··· DATASET EXTRACT ···
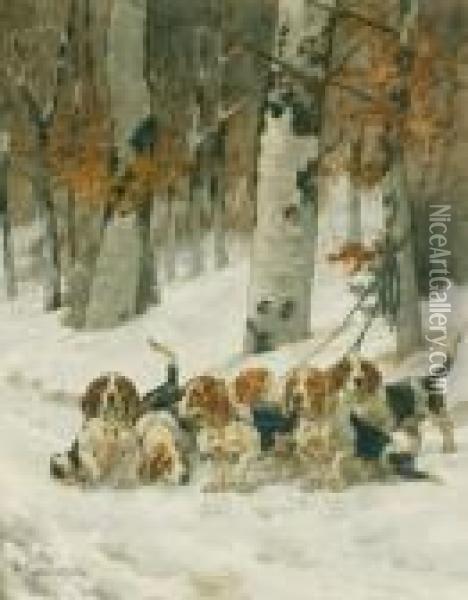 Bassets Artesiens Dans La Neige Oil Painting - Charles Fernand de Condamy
···
··· DATASET EXTRACT ···
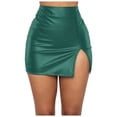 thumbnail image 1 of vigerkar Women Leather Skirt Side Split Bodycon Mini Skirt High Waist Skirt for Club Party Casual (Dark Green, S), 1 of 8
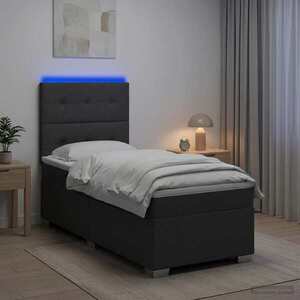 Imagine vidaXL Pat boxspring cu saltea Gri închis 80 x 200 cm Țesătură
···
··· DATASET EXTRACT ···
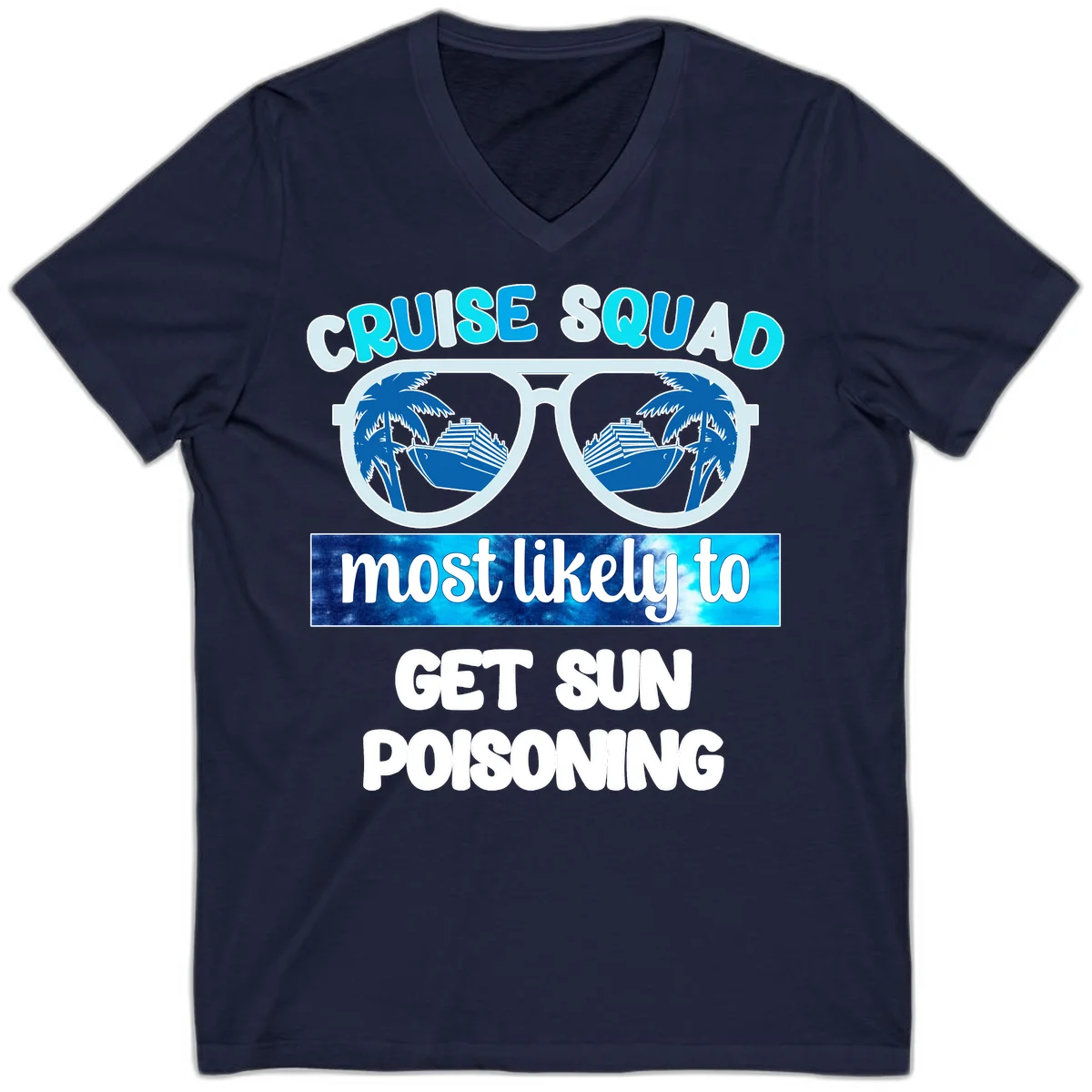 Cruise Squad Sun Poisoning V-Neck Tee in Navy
···
→ **WHAT YOU HAVE TO DO**
Only the lines starting at the one that includes "thumbnail image 1" and ending at the one that includes "Imagine vidaXL Pat" should be retyped, exactly, from the records above; no pictures.

→ **EXERCISE SOLUTION**
 thumbnail image 1 of vigerkar Women Leather Skirt Side Split Bodycon Mini Skirt High Waist Skirt for Club Party Casual (Dark Green, S), 1 of 8
 Imagine vidaXL Pat boxspring cu saltea Gri închis 80 x 200 cm Țesătură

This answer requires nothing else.